Exercise materials:
== == ==
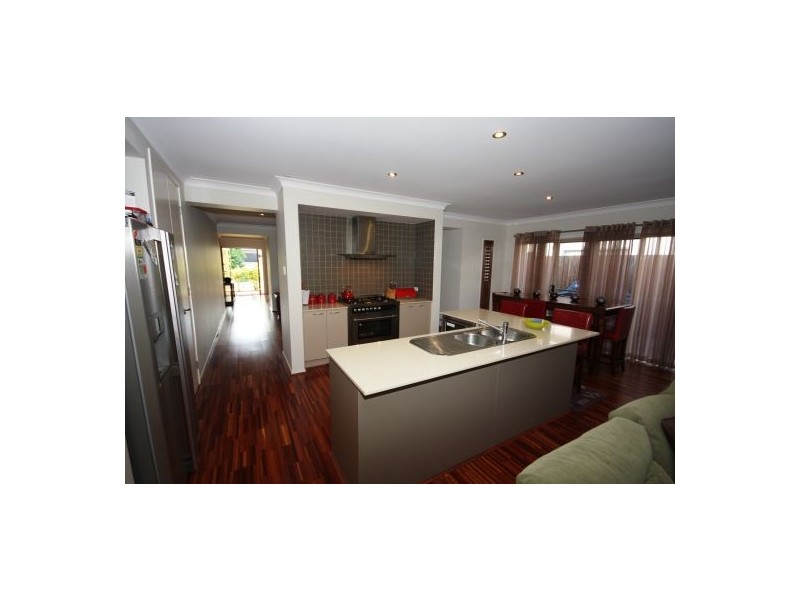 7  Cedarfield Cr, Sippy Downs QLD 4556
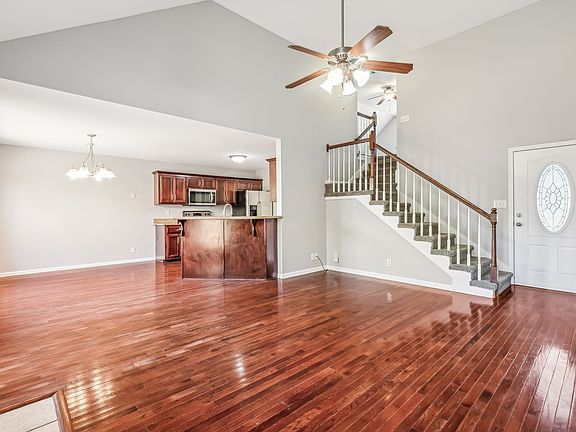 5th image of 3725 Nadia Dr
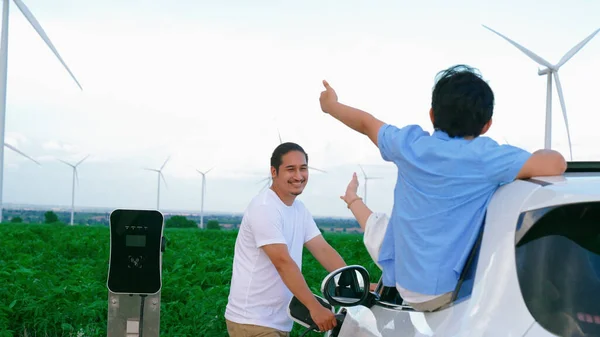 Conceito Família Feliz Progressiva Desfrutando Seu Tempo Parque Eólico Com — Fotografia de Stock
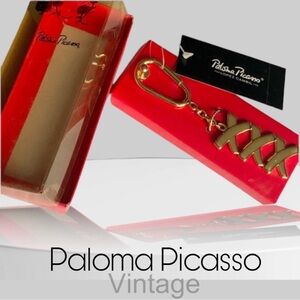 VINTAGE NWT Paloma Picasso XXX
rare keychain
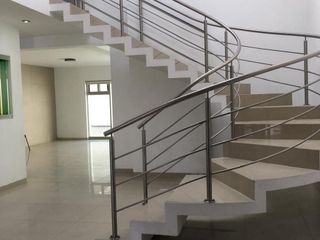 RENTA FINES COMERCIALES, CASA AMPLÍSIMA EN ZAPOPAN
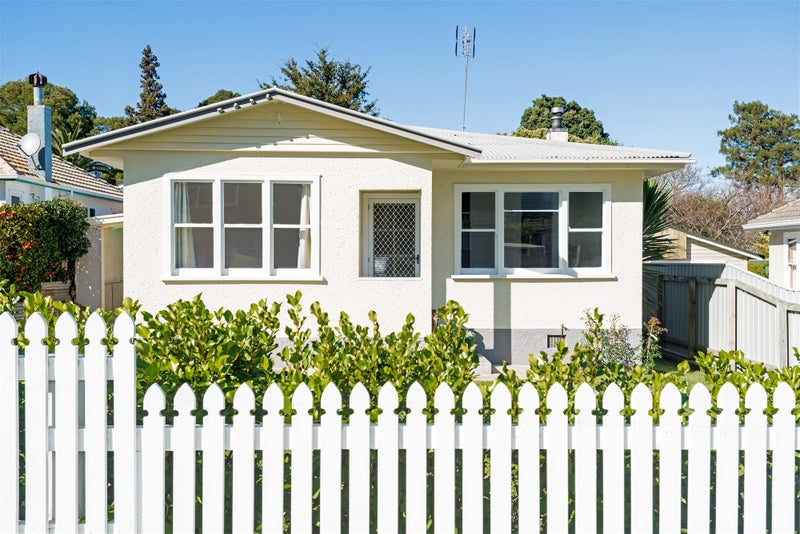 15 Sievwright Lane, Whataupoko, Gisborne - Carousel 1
== == ==
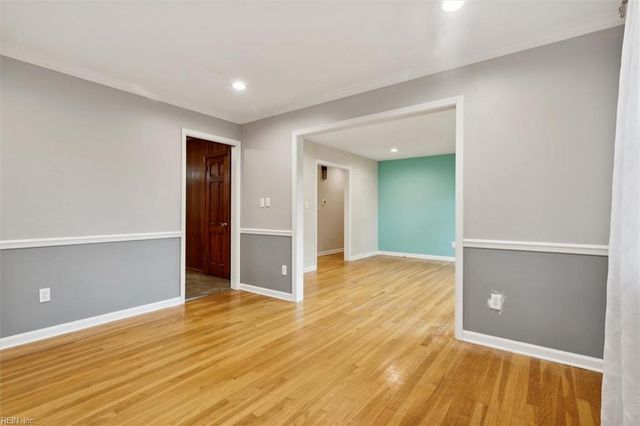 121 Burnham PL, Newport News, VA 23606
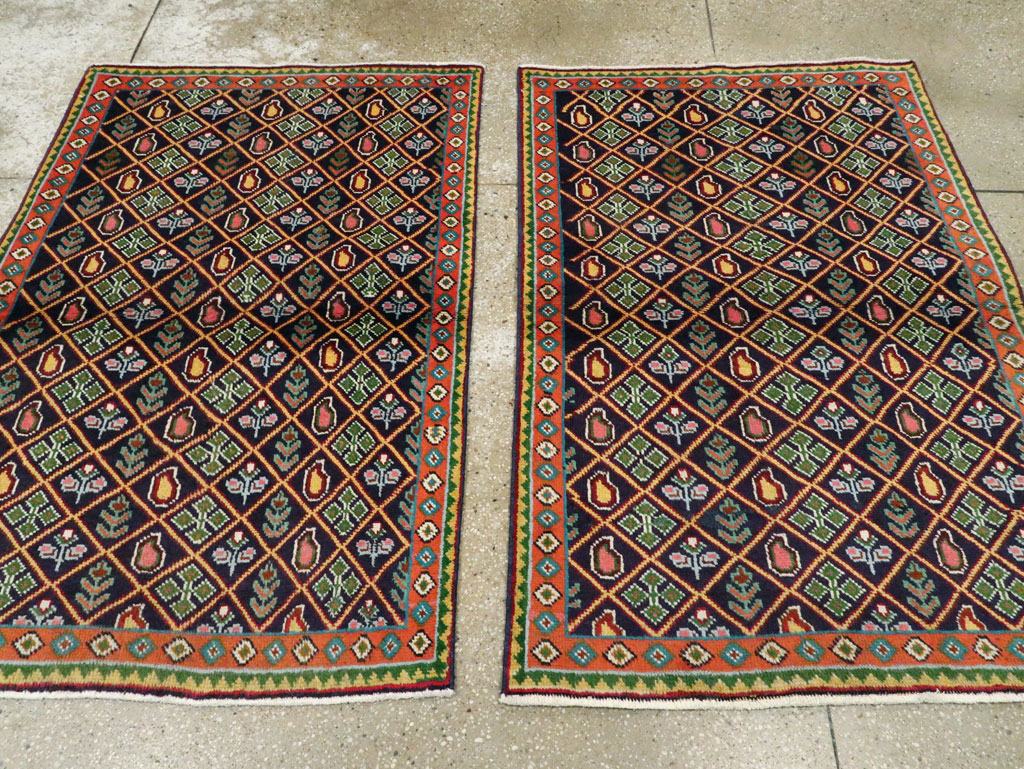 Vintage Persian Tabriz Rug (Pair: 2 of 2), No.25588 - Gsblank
== == ==
What is expected: Nothing but the lines above, starting at the line that contains "Downs QLD 4556" and ending at the line that contains "15 Sievwright Lane, Whataupoko, Gisborne", should be given again, exactly and without the pictures.

Answer box:
 7  Cedarfield Cr, Sippy Downs QLD 4556
 5th image of 3725 Nadia Dr
 Conceito Família Feliz Progressiva Desfrutando Seu Tempo Parque Eólico Com — Fotografia de Stock
 VINTAGE NWT Paloma Picasso XXX
rare keychain
 RENTA FINES COMERCIALES, CASA AMPLÍSIMA EN ZAPOPAN
 15 Sievwright Lane, Whataupoko, Gisborne - Carousel 1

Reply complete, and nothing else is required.